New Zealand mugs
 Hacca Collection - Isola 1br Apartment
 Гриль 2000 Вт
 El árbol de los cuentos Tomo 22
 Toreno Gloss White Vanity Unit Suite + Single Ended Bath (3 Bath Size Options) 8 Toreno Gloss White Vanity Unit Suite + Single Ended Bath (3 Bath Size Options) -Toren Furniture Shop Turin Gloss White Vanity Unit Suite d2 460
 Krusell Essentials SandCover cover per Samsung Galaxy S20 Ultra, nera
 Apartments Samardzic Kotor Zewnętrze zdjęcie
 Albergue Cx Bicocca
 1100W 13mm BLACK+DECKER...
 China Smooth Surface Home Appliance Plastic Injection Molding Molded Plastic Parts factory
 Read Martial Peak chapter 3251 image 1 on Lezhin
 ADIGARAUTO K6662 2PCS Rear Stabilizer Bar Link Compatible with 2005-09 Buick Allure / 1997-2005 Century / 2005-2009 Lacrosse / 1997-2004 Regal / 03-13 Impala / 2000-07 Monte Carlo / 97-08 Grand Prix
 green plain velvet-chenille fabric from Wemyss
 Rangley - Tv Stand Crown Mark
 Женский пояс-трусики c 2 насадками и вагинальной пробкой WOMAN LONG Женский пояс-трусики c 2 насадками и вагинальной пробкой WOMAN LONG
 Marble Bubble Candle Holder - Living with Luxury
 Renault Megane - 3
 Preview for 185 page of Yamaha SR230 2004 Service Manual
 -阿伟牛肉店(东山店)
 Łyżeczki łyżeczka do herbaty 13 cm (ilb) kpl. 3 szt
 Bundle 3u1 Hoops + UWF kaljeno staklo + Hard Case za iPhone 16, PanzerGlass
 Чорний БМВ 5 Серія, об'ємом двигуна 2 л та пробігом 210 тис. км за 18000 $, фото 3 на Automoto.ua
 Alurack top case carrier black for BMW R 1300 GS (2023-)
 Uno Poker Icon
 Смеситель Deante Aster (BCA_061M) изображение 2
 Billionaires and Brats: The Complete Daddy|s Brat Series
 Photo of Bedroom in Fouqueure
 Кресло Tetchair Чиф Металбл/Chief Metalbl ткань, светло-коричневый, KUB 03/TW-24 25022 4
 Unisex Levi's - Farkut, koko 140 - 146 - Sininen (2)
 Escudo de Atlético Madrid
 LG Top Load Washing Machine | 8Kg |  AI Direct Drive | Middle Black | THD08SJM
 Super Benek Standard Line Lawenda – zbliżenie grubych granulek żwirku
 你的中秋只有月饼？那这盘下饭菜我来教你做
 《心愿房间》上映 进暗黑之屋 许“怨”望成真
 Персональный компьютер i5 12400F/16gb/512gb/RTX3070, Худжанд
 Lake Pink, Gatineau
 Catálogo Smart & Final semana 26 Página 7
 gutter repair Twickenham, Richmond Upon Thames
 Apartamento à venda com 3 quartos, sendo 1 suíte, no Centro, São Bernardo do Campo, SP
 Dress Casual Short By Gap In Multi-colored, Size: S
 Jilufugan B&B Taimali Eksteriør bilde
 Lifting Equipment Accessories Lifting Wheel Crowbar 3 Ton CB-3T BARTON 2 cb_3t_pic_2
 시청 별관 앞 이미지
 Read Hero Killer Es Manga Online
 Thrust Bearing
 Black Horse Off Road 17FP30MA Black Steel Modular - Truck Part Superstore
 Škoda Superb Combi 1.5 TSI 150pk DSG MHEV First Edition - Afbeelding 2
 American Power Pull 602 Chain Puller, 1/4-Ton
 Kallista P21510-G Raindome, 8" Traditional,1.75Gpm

————

*What you need to do*
Nothing but the lines from the first line of the data through the line with "Albergue Cx Bicocca" should be returned, exactly as they appear, both ends included.

*Output for this exercise*
New Zealand mugs
 Hacca Collection - Isola 1br Apartment
 Гриль 2000 Вт
 El árbol de los cuentos Tomo 22
 Toreno Gloss White Vanity Unit Suite + Single Ended Bath (3 Bath Size Options) 8 Toreno Gloss White Vanity Unit Suite + Single Ended Bath (3 Bath Size Options) -Toren Furniture Shop Turin Gloss White Vanity Unit Suite d2 460
 Krusell Essentials SandCover cover per Samsung Galaxy S20 Ultra, nera
 Apartments Samardzic Kotor Zewnętrze zdjęcie
 Albergue Cx Bicocca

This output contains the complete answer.